REQUIREMENT :: Repeat each entry below exactly, omitting any picture it holds.

ENTRIES SUPPLIED ::
....
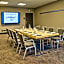 Best Western Plus Hotel Bottcherhof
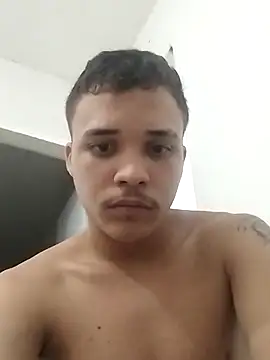 Snapshot of kkaycelia chatting on March 4, 2026, 1:24 am kkaycelia online show from March 4, 2026, 1:24 am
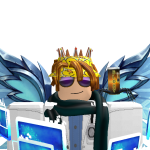 @Kennyrobot11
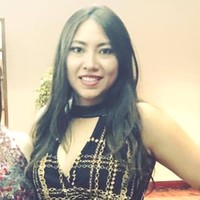 Carla Estefany Domínguez Leiva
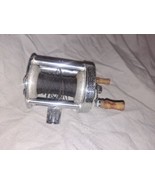 Vintage Pflueger Akron 1893L Casting Reel - £20.91 GBP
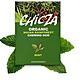 Chicza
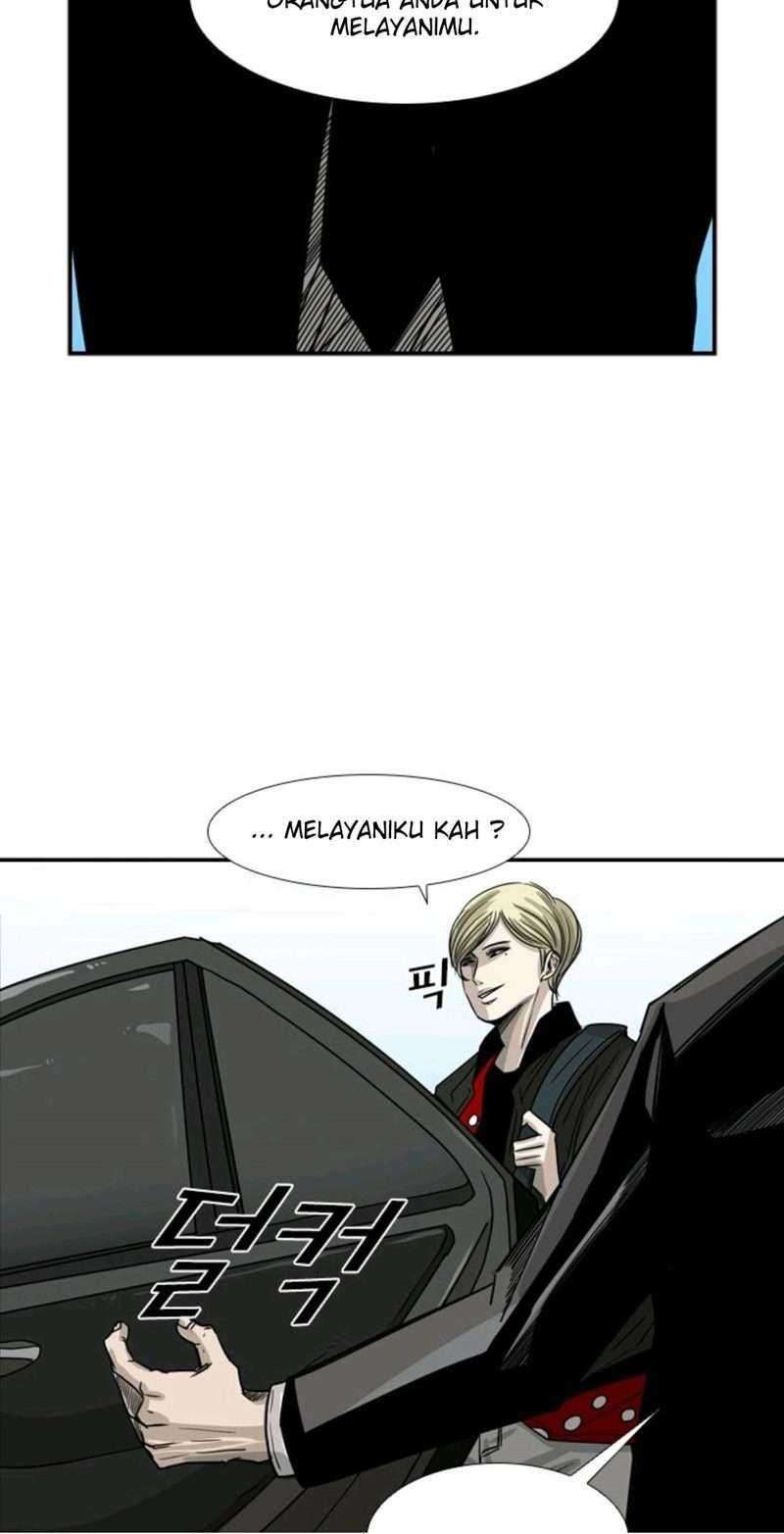 Chapter 57 - halaman 74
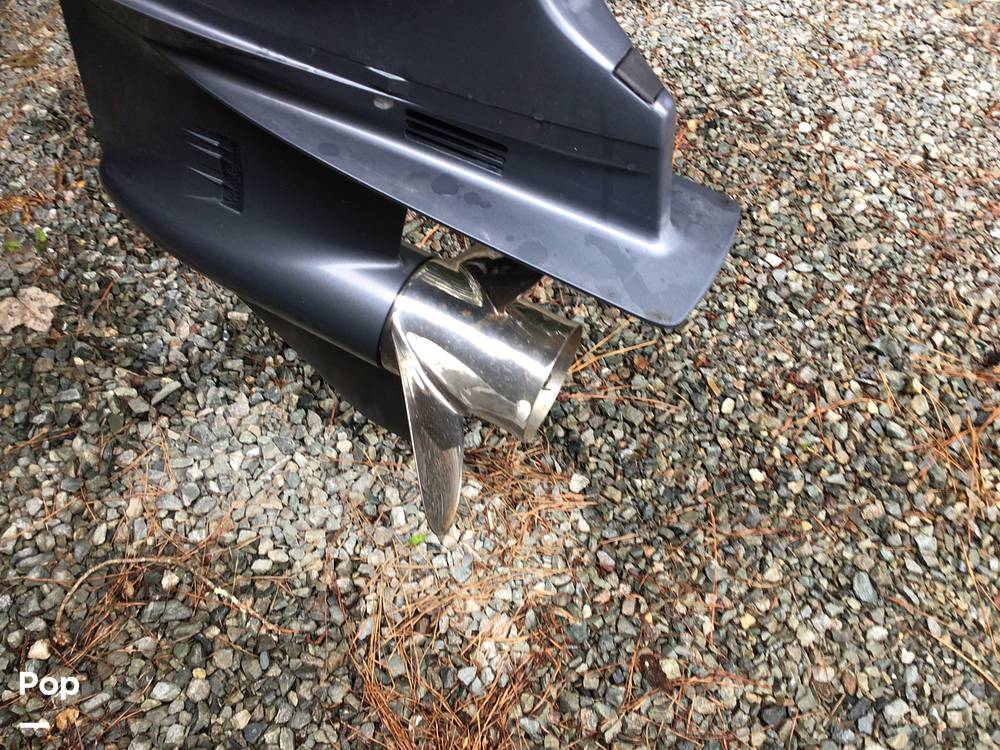 Slide: The Image of Sweetwater 2386FS 2022 - 15637041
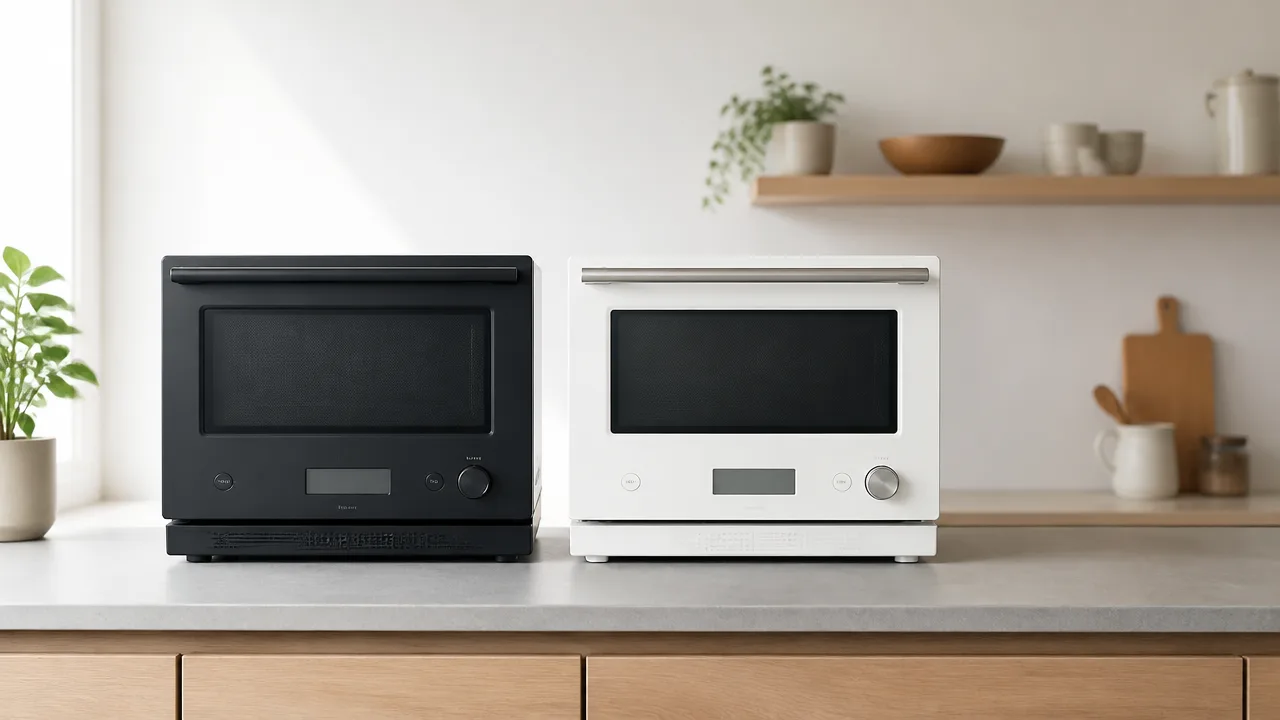 AX-U1DとAX-U1Cはどっちがおすすめ？違いと選び方を比較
....
WRITTEN ANSWER ::
 Best Western Plus Hotel Bottcherhof
 Snapshot of kkaycelia chatting on March 4, 2026, 1:24 am kkaycelia online show from March 4, 2026, 1:24 am
 @Kennyrobot11
 Carla Estefany Domínguez Leiva
 Vintage Pflueger Akron 1893L Casting Reel - £20.91 GBP
 Chicza
 Chapter 57 - halaman 74
 Slide: The Image of Sweetwater 2386FS 2022 - 15637041
 AX-U1DとAX-U1Cはどっちがおすすめ？違いと選び方を比較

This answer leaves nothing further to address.